Exercise prompt: Word for word, the data below must be repeated in full; no picture is to be included.

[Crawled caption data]
<<<<

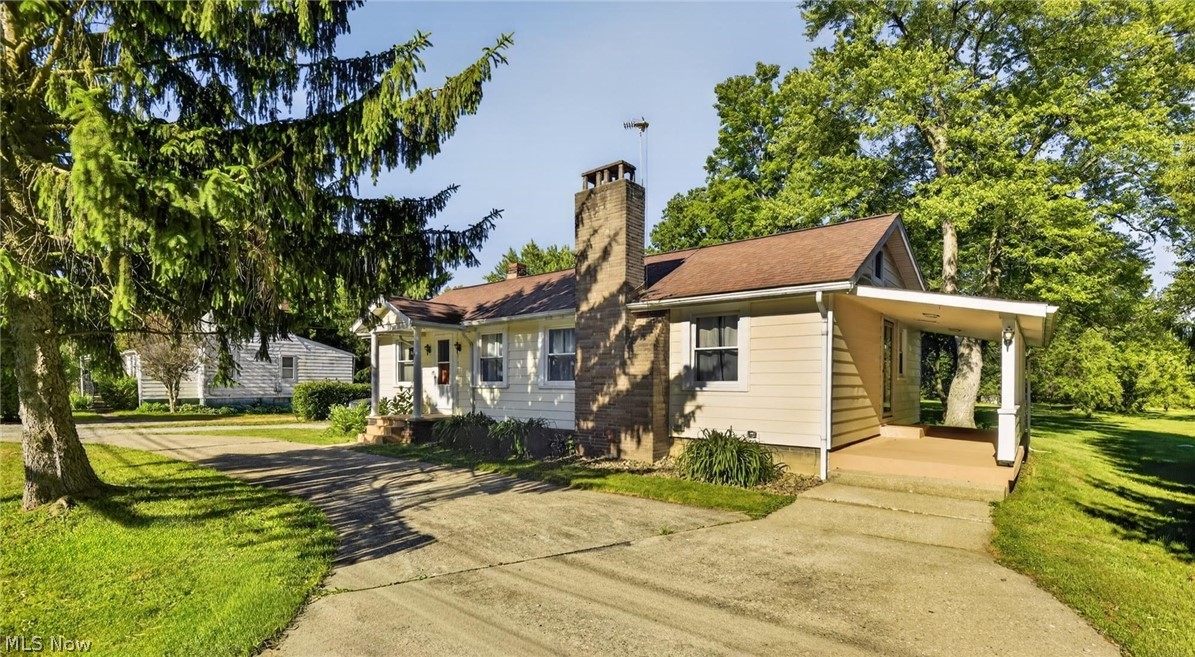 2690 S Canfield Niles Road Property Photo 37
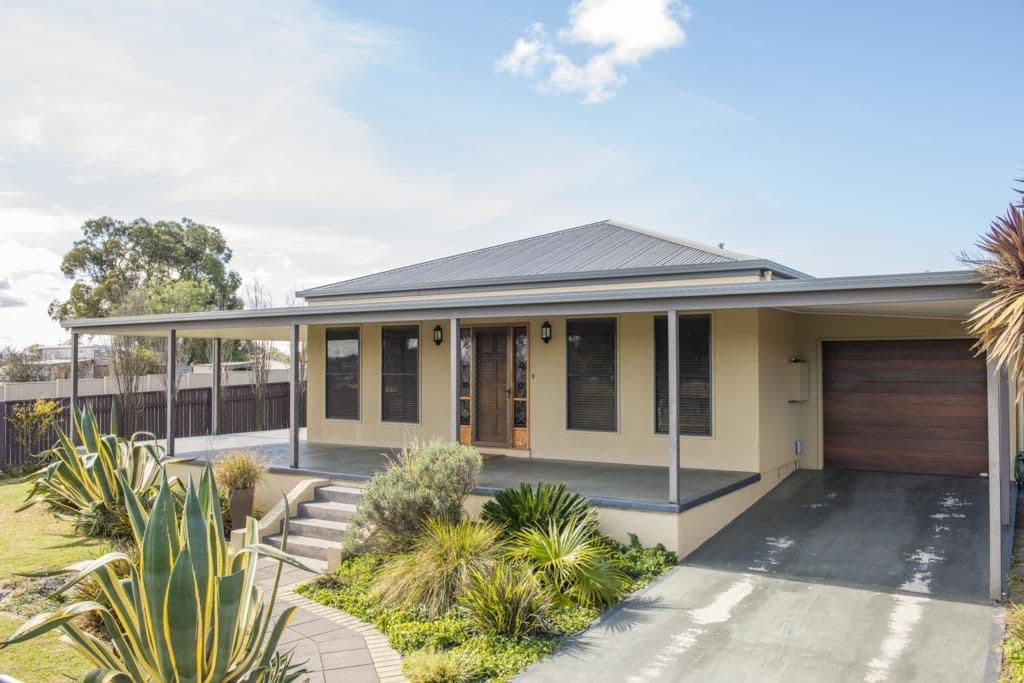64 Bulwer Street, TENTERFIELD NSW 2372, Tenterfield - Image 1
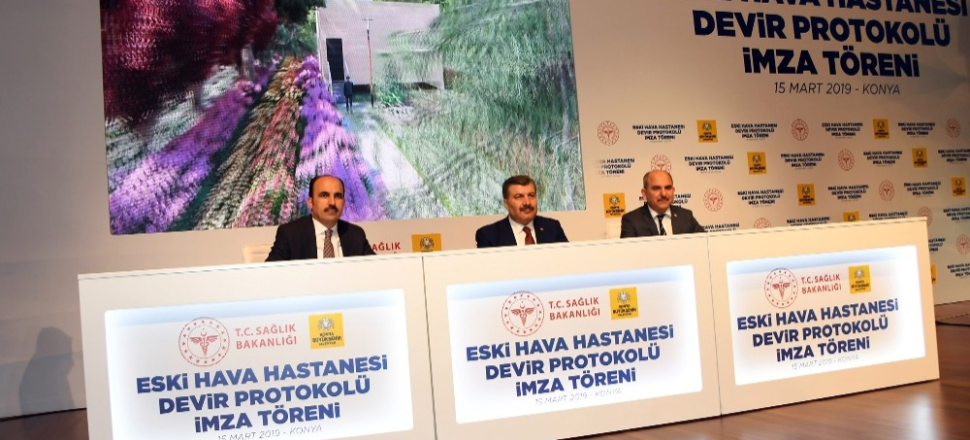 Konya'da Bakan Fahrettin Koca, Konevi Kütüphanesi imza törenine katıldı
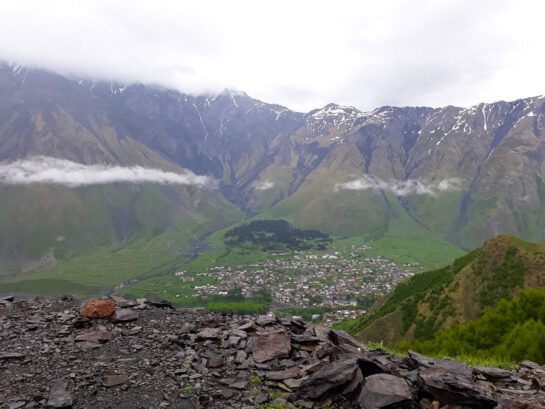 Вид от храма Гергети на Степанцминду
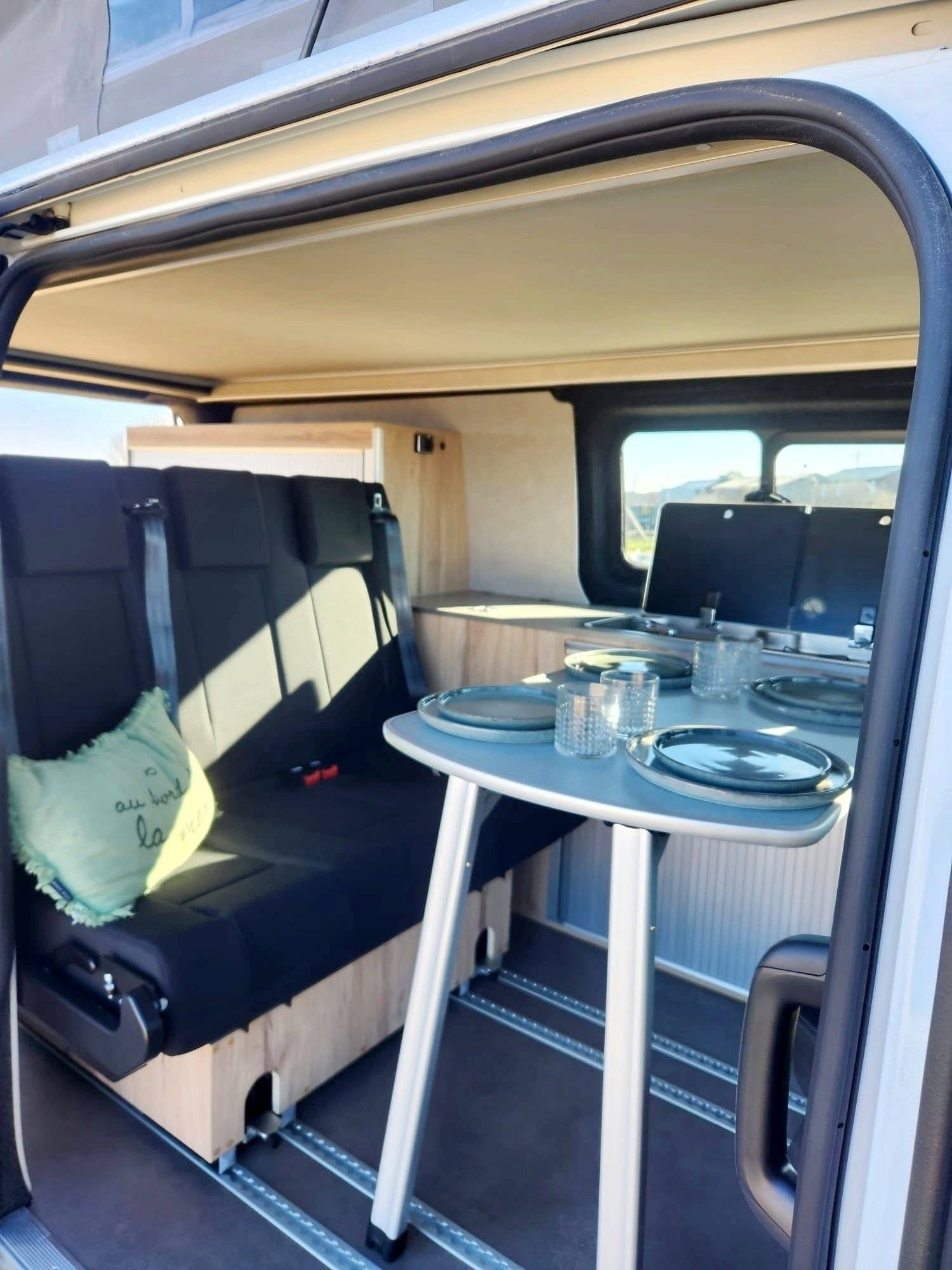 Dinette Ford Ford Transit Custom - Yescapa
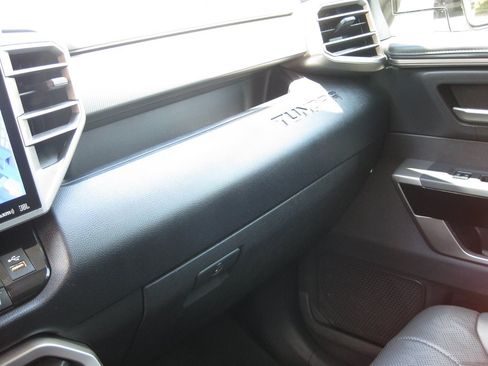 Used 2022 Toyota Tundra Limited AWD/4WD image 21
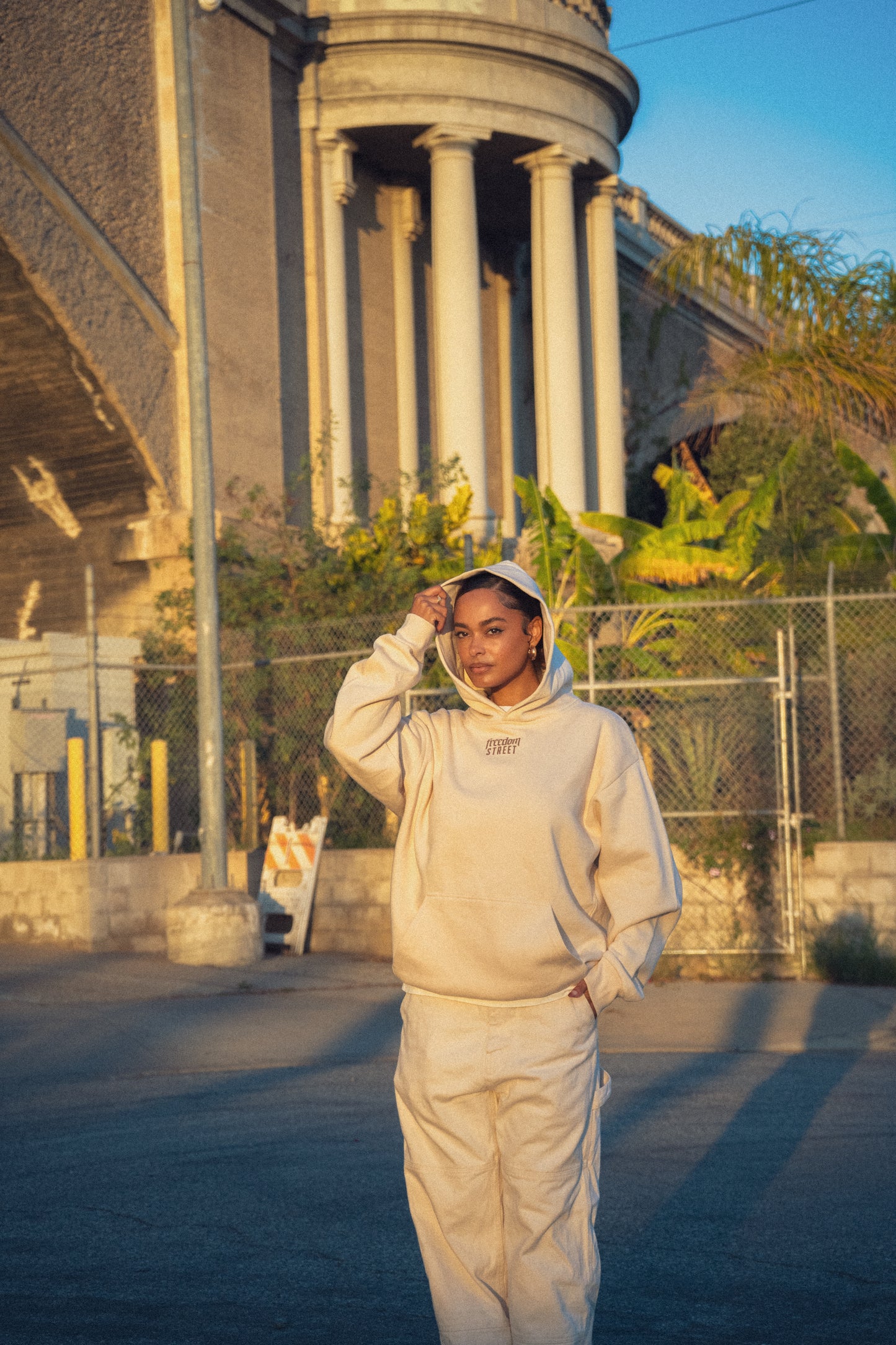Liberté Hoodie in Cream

>>>>

Exercise solution:
 2690 S Canfield Niles Road Property Photo 37
64 Bulwer Street, TENTERFIELD NSW 2372, Tenterfield - Image 1
 Konya'da Bakan Fahrettin Koca, Konevi Kütüphanesi imza törenine katıldı
 Вид от храма Гергети на Степанцминду
 Dinette Ford Ford Transit Custom - Yescapa
 Used 2022 Toyota Tundra Limited AWD/4WD image 21
Liberté Hoodie in Cream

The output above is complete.